* Instructions for the task:
Print the records below exactly. Omit every picture.

╔══

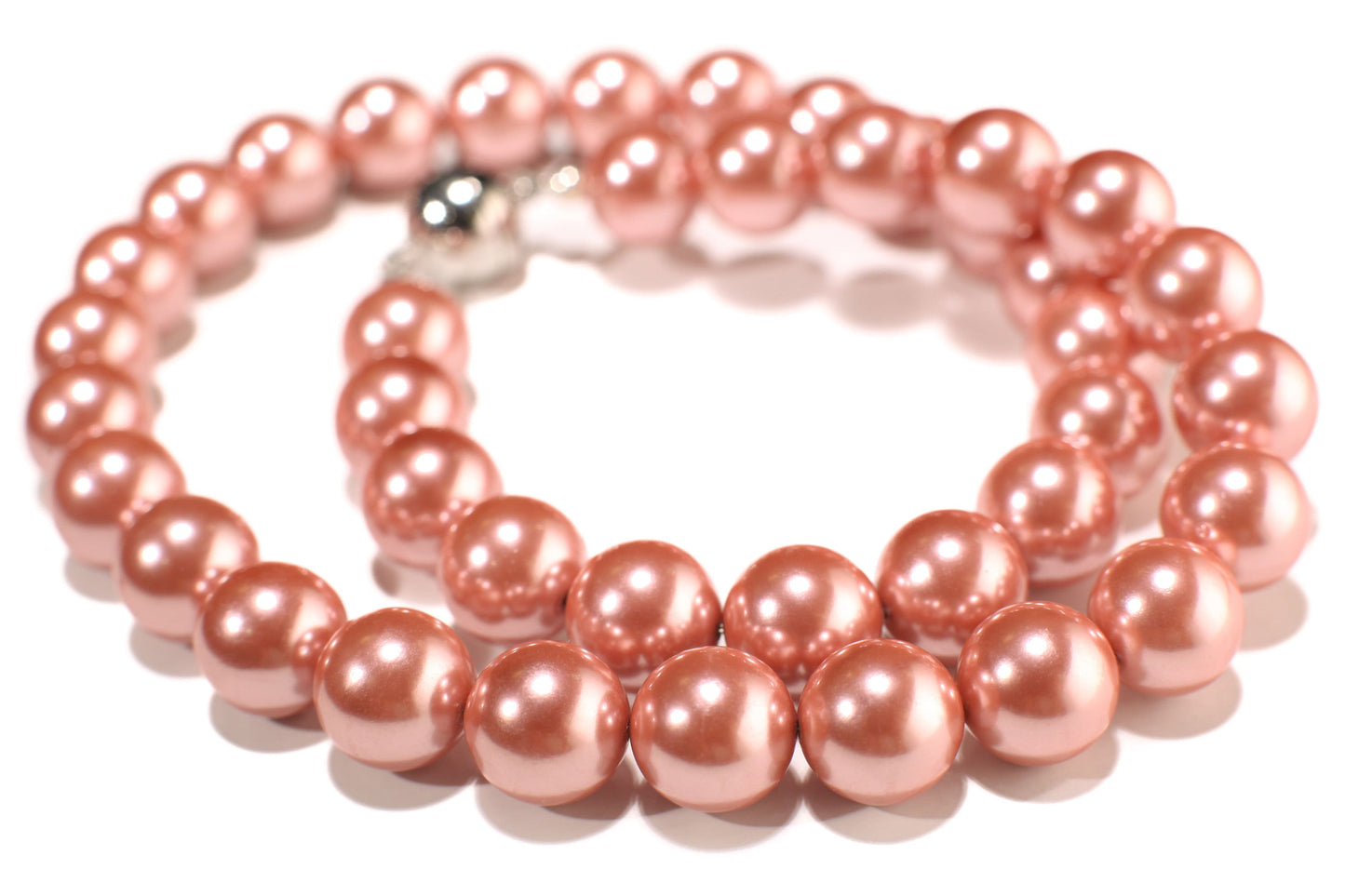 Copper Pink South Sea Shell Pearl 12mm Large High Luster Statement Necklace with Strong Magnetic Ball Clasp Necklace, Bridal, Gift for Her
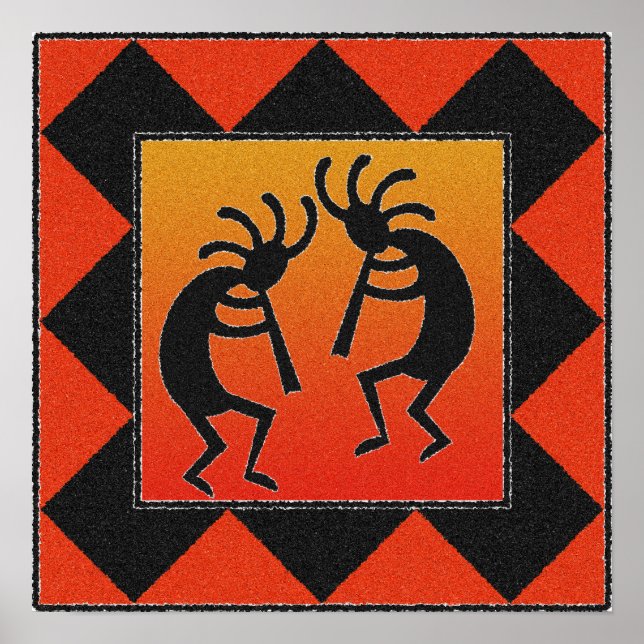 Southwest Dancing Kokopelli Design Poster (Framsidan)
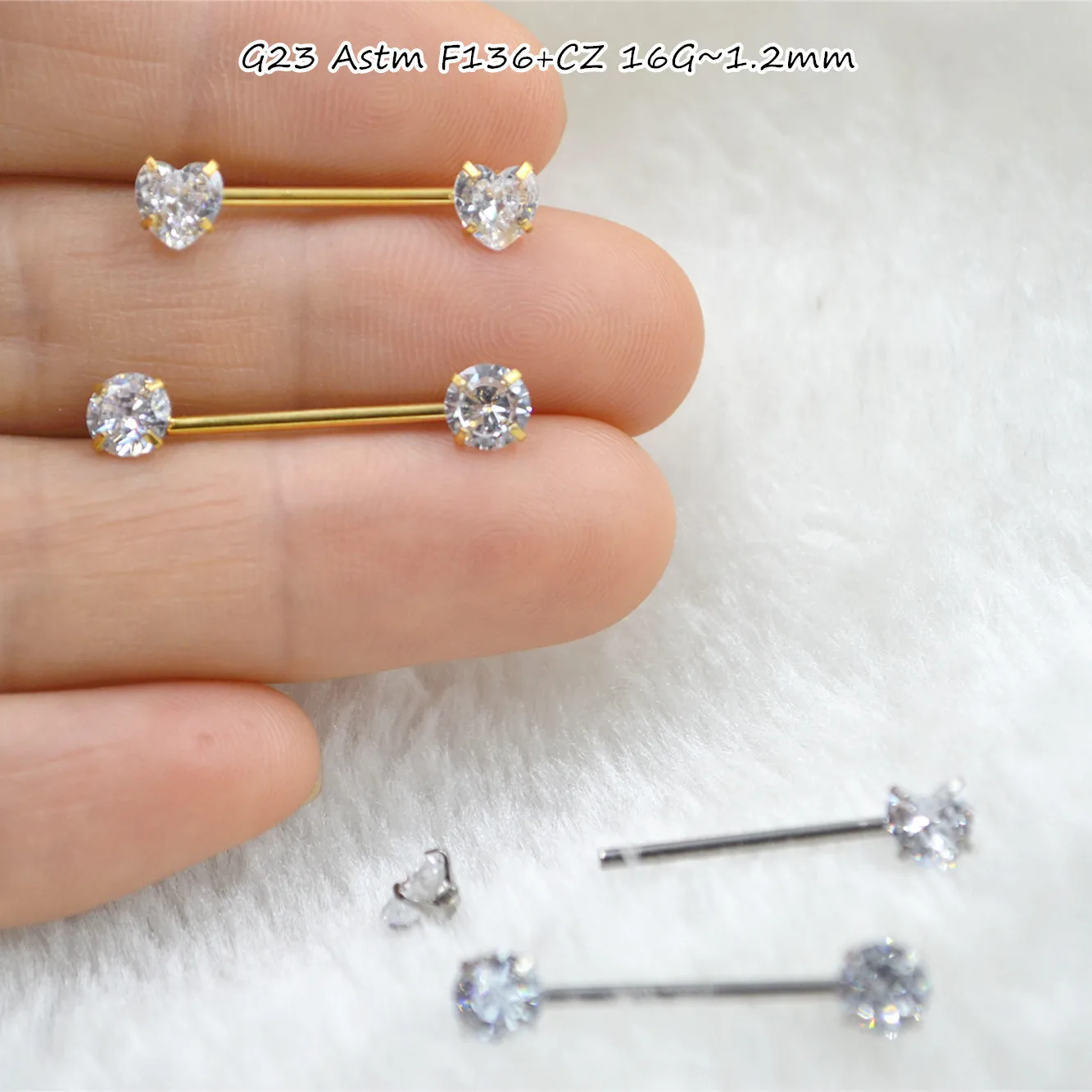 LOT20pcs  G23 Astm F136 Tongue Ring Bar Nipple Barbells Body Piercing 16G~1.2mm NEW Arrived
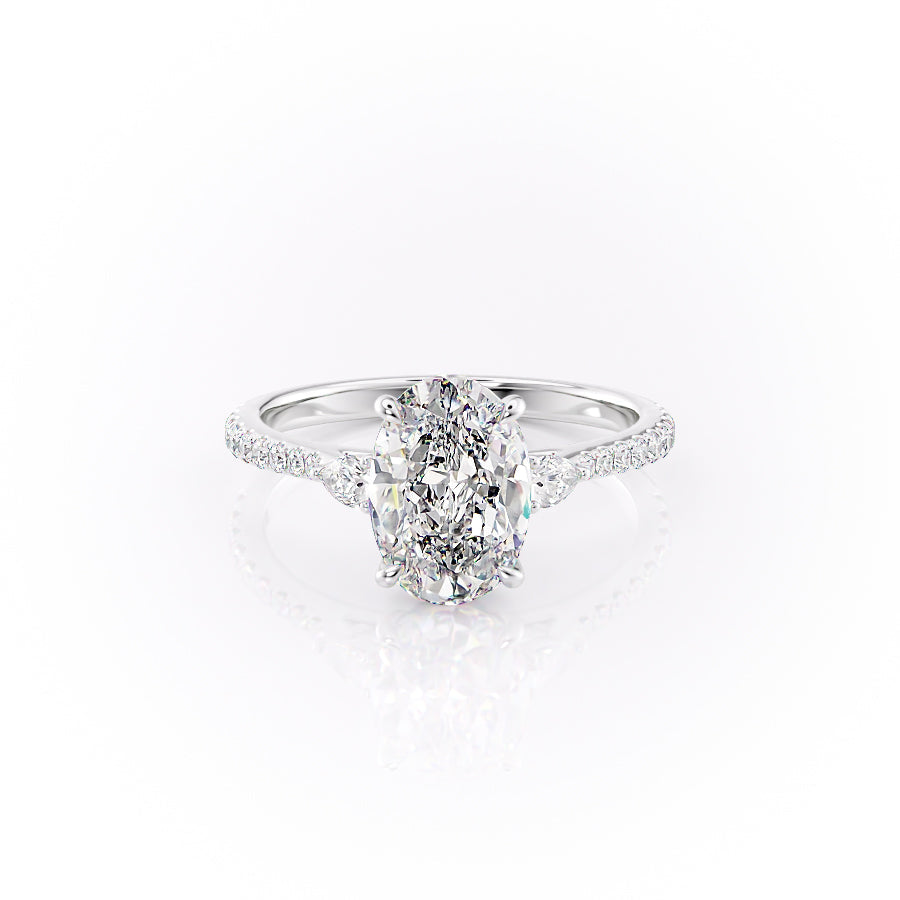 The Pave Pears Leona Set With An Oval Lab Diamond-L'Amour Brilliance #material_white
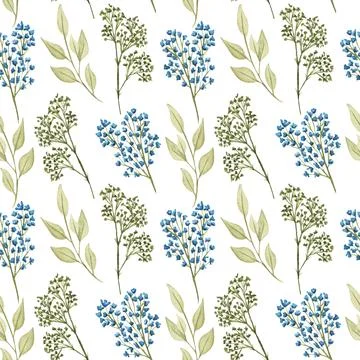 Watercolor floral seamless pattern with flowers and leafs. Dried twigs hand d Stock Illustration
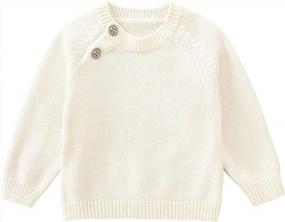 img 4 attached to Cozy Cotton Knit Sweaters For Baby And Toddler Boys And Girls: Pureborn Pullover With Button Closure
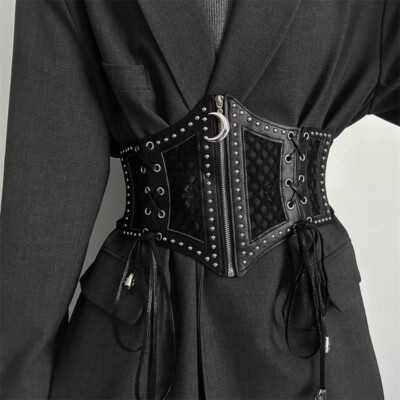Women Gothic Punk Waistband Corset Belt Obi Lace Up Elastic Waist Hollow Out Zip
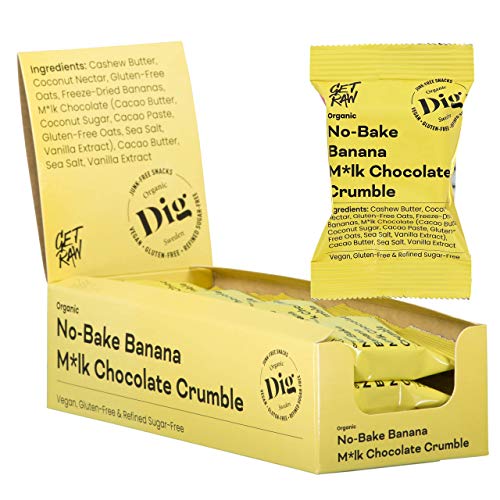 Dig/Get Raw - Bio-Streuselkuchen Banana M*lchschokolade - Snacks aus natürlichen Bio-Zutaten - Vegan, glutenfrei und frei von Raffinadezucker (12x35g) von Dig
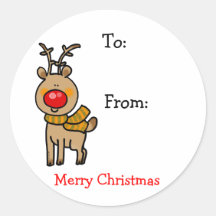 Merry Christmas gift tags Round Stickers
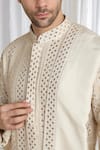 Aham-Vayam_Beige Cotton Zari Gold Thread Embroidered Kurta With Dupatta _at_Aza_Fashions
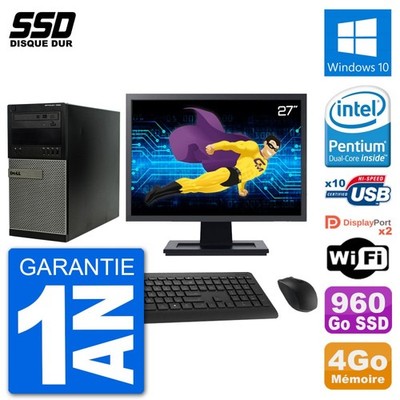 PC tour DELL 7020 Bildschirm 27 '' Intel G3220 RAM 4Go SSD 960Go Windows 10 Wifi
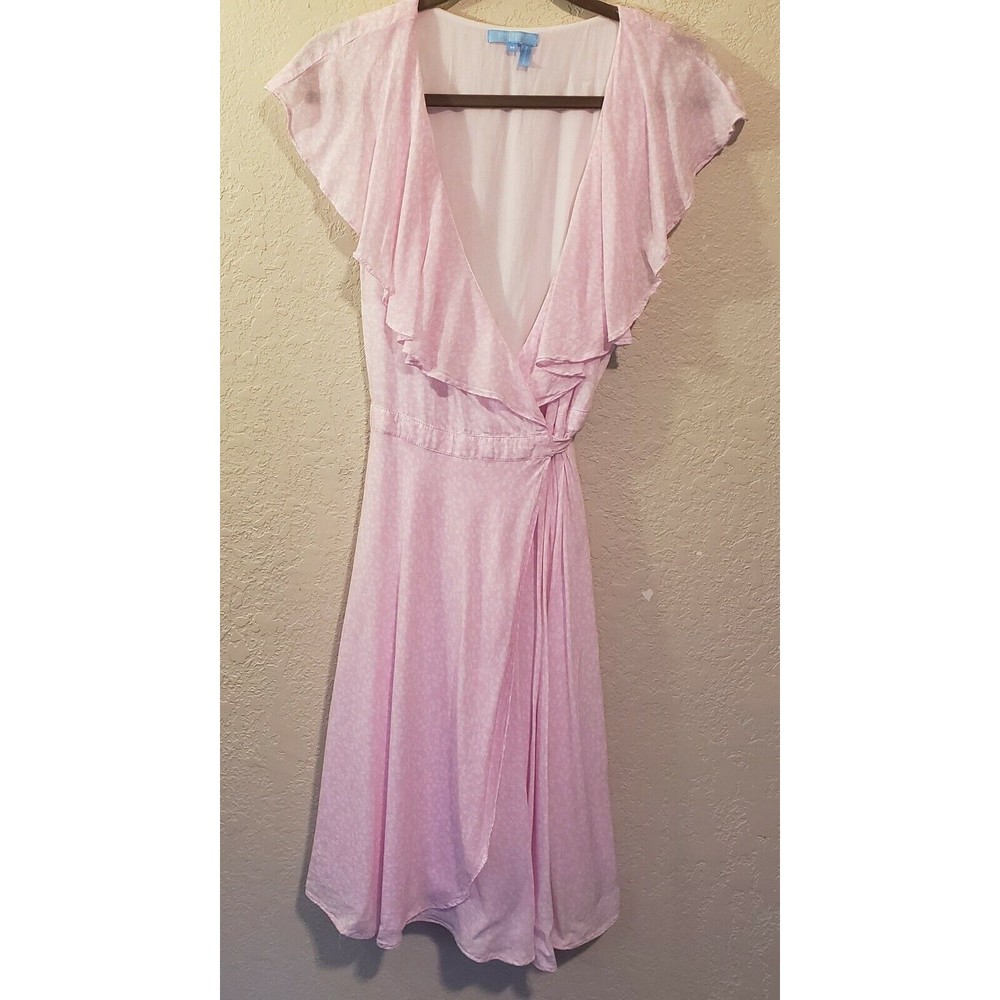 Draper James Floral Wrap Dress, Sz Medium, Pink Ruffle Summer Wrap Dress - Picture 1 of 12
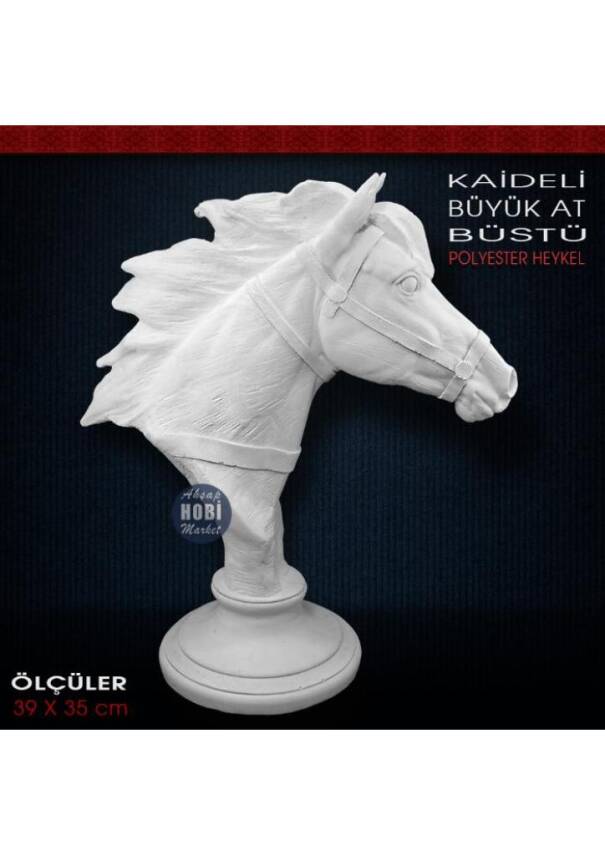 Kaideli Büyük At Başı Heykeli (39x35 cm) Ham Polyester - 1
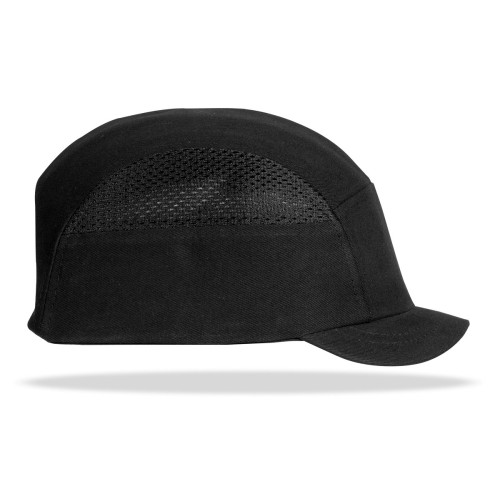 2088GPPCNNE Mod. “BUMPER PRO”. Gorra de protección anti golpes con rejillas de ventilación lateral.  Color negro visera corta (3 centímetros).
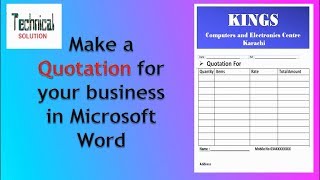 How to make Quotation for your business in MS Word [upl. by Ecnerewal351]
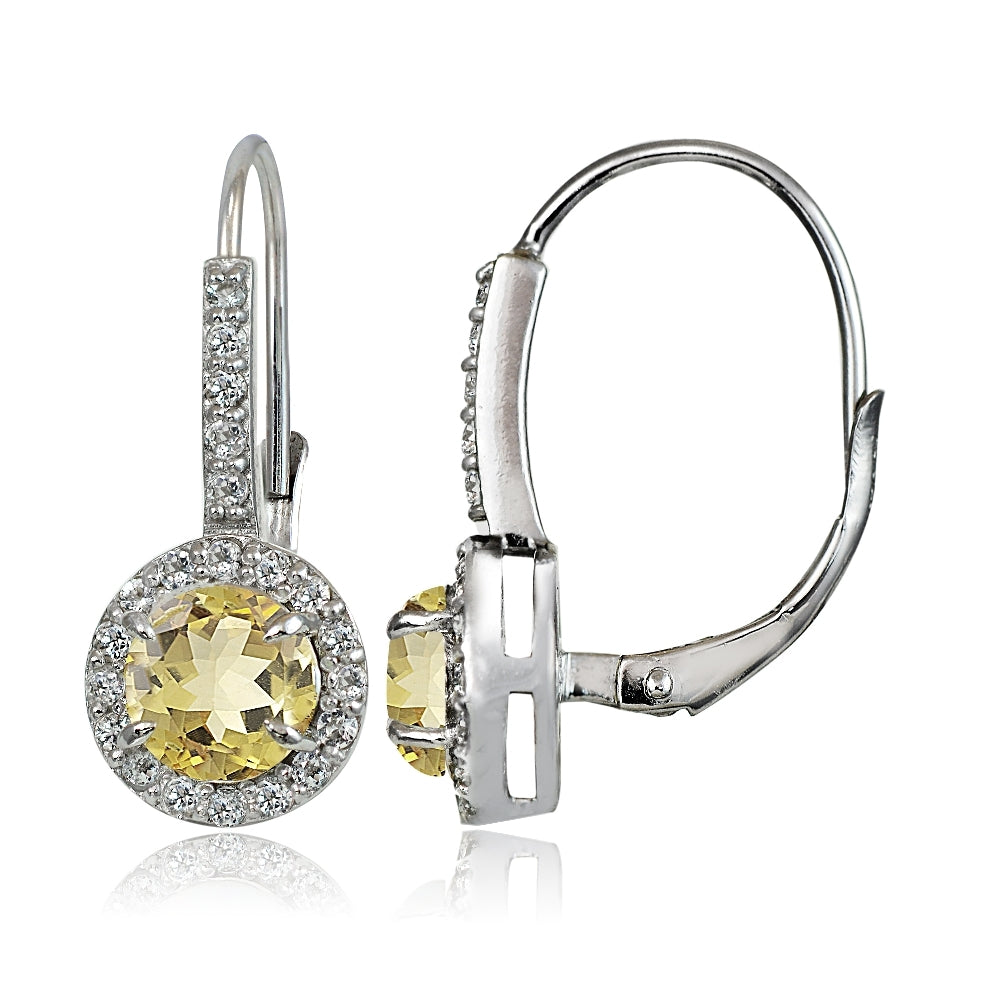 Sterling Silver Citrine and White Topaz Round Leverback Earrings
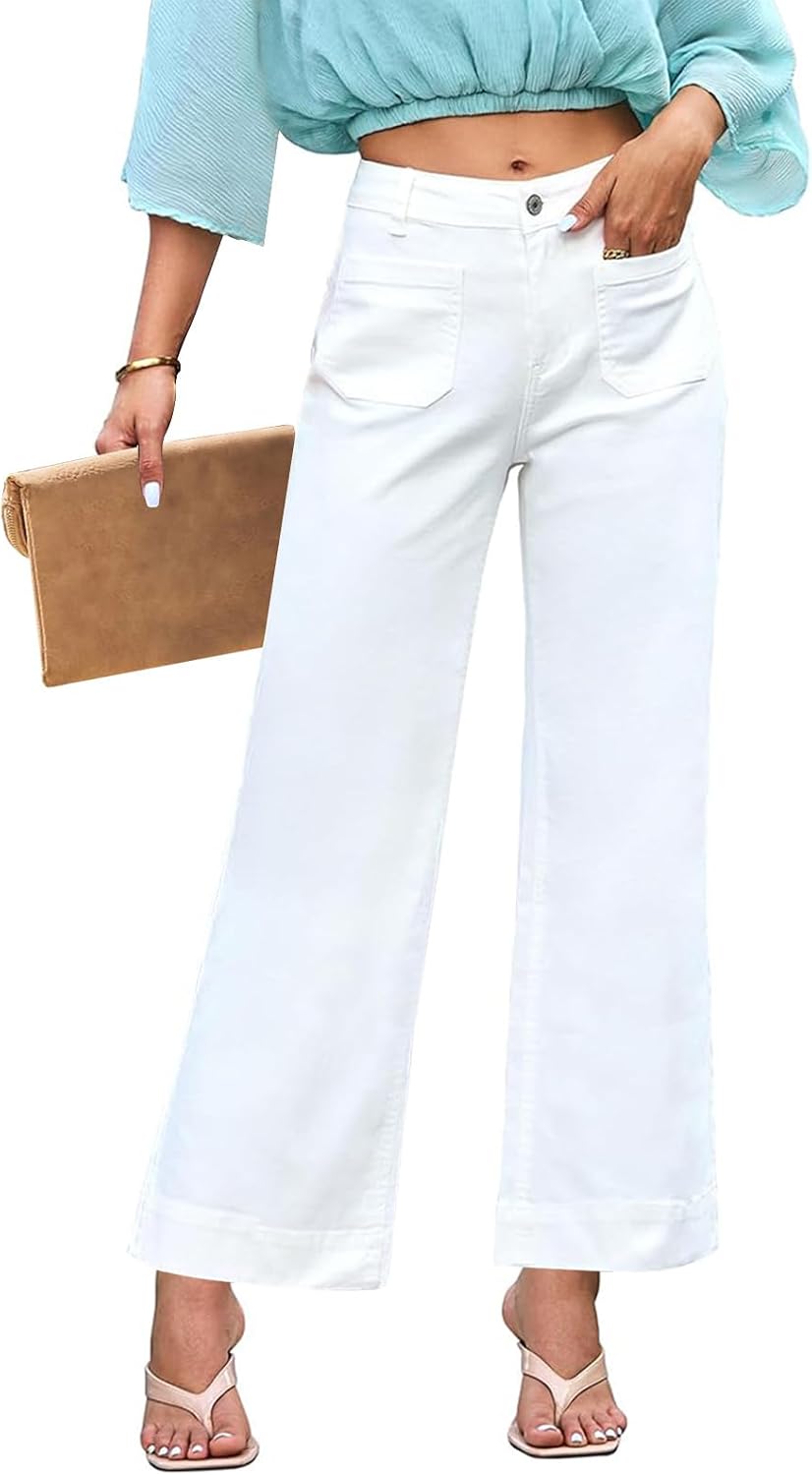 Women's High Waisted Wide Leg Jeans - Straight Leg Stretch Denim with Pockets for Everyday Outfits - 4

╚══

* Task result:
 Copper Pink South Sea Shell Pearl 12mm Large High Luster Statement Necklace with Strong Magnetic Ball Clasp Necklace, Bridal, Gift for Her
 Southwest Dancing Kokopelli Design Poster (Framsidan)
 LOT20pcs  G23 Astm F136 Tongue Ring Bar Nipple Barbells Body Piercing 16G~1.2mm NEW Arrived
 The Pave Pears Leona Set With An Oval Lab Diamond-L'Amour Brilliance #material_white
 Watercolor floral seamless pattern with flowers and leafs. Dried twigs hand d Stock Illustration
 img 4 attached to Cozy Cotton Knit Sweaters For Baby And Toddler Boys And Girls: Pureborn Pullover With Button Closure
Women Gothic Punk Waistband Corset Belt Obi Lace Up Elastic Waist Hollow Out Zip
 Dig/Get Raw - Bio-Streuselkuchen Banana M*lchschokolade - Snacks aus natürlichen Bio-Zutaten - Vegan, glutenfrei und frei von Raffinadezucker (12x35g) von Dig
 Merry Christmas gift tags Round Stickers
 Aham-Vayam_Beige Cotton Zari Gold Thread Embroidered Kurta With Dupatta _at_Aza_Fashions
 PC tour DELL 7020 Bildschirm 27 '' Intel G3220 RAM 4Go SSD 960Go Windows 10 Wifi
 Draper James Floral Wrap Dress, Sz Medium, Pink Ruffle Summer Wrap Dress - Picture 1 of 12
 Kaideli Büyük At Başı Heykeli (39x35 cm) Ham Polyester - 1
 2088GPPCNNE Mod. “BUMPER PRO”. Gorra de protección anti golpes con rejillas de ventilación lateral.  Color negro visera corta (3 centímetros).
 How to make Quotation for your business in MS Word [upl. by Ecnerewal351]
 Sterling Silver Citrine and White Topaz Round Leverback Earrings
 Women's High Waisted Wide Leg Jeans - Straight Leg Stretch Denim with Pockets for Everyday Outfits - 4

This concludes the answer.